One can argue that it starts in the media, where so many advertising messages are aimed at consumers in order to convince them to spend their money on worthless products and services.
The one that is bugging me right now is the issue of “title theft.” There are shows that run all night on cable, frightening people for no good reason. The pitch is that anyone can record a deed against your home and that somehow if you don’t catch it, you may end up on the street.
This is foolish. Yes, anyone can record a deed saying anything. But can they really follow up by getting a mortgage on your home? These unscrupulous advertisers know that lenders do title searches, and the identity of the person they would give many thousands of their dollars to as a result would certainly be verified before any funds passed. Suppose the lender is careless enough not to do their due diligence, and they give hundreds of thousands of dollars to a stranger, based on a mortgage on your home. When the first payment comes due and is not paid, what happens? You might think a mortgage foreclosure would be swiftly filed, and you’d be dragged into court, at which time you’d be in deep, deep trouble.

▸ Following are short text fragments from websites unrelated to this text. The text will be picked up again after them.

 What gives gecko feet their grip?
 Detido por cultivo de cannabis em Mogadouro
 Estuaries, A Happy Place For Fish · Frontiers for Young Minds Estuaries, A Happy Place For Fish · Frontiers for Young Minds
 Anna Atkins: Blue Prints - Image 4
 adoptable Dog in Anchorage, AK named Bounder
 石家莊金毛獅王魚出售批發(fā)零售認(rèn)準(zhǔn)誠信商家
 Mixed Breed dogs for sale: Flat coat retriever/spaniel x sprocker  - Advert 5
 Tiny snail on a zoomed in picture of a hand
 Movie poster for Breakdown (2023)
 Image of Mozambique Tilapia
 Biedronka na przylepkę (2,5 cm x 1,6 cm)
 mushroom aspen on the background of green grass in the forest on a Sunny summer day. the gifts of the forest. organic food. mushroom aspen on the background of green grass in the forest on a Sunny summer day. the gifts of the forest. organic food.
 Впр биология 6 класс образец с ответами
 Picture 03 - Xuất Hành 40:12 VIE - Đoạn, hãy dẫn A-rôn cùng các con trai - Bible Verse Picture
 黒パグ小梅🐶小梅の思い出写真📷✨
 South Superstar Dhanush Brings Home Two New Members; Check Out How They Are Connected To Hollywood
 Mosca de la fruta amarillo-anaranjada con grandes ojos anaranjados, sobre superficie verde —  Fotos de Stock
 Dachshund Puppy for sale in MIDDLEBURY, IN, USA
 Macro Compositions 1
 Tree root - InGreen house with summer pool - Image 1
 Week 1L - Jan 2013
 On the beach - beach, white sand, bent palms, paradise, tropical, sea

Well, no. First of all, the due diligence they should have done would finally take place, and the lender would discover they’ve been had. They would look carefully at that fraudulent deed and closely compare the signature on it to previous documents you’ve executed. The forgery would be discovered, and no foreclosure would ever get filed because such a sloppy lender would find themselves paying your attorneys’ fees for their trouble. The damage to their reputation would be quite unpleasant, too.
If you’re still unconvinced and determined to do something to prevent this, fine. Just don’t give your money to the slimy advertiser that got you upset in the first place. Instead, spend nothing. Just go online, look at your local property appraiser’s website, and find your property record. Any recent deeds filed will be there, if they can get past the watchful eyes of both the Clerk of Court and the appraiser. The appraiser actually writes to the homeowner if some problem is suspected.
If you deal with reputable professionals and buy title insurance when you buy, you are well protected, not just against the errors of the past, but many future events as well.